▶ **TASK TO COMPLETE**
The listing is to be printed word for word, pictures omitted.

▶ **COLLECTED MATERIAL**
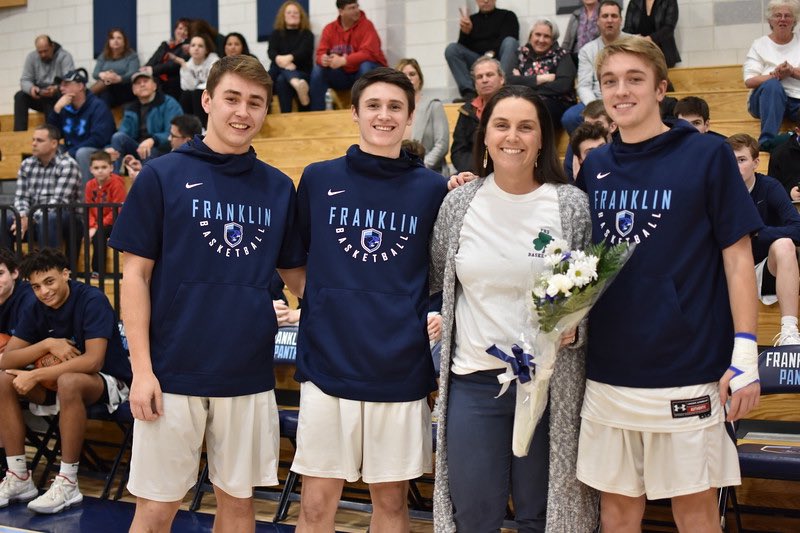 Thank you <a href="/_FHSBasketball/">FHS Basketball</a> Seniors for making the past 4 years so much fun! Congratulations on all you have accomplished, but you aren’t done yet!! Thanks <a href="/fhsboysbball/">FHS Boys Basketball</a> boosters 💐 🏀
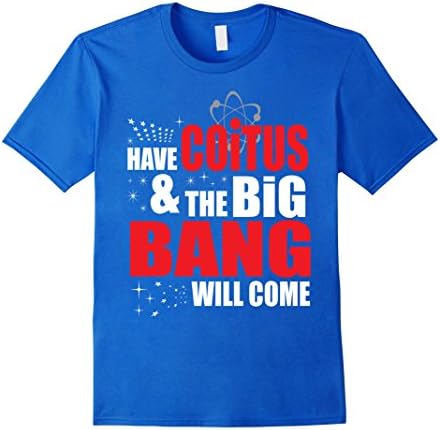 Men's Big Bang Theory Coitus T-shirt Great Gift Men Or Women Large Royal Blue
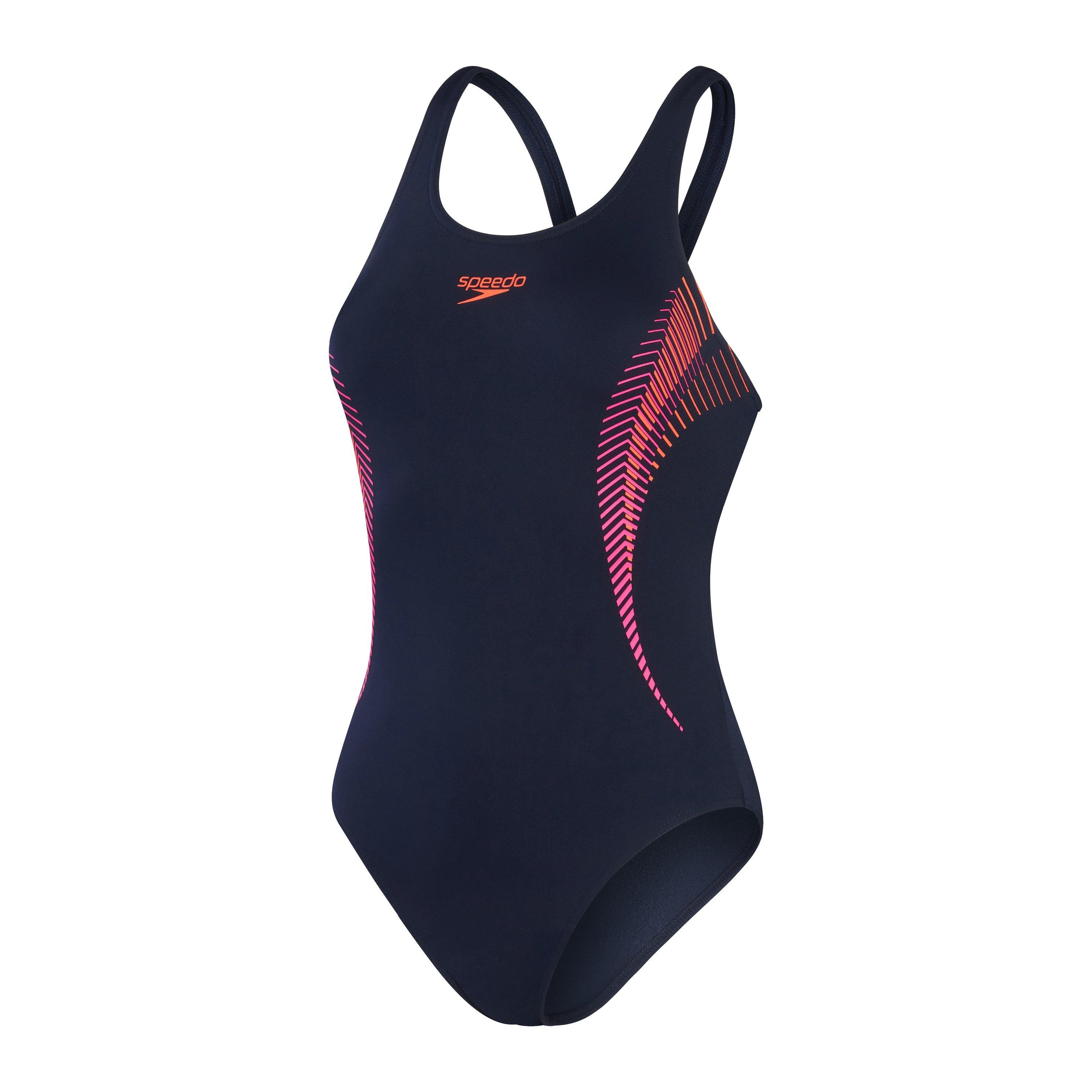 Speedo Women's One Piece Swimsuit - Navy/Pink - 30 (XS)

▶ **YOUR SOLUTION**
 Thank you <a href="/_FHSBasketball/">FHS Basketball</a> Seniors for making the past 4 years so much fun! Congratulations on all you have accomplished, but you aren’t done yet!! Thanks <a href="/fhsboysbball/">FHS Boys Basketball</a> boosters 💐 🏀
 Men's Big Bang Theory Coitus T-shirt Great Gift Men Or Women Large Royal Blue
 Speedo Women's One Piece Swimsuit - Navy/Pink - 30 (XS)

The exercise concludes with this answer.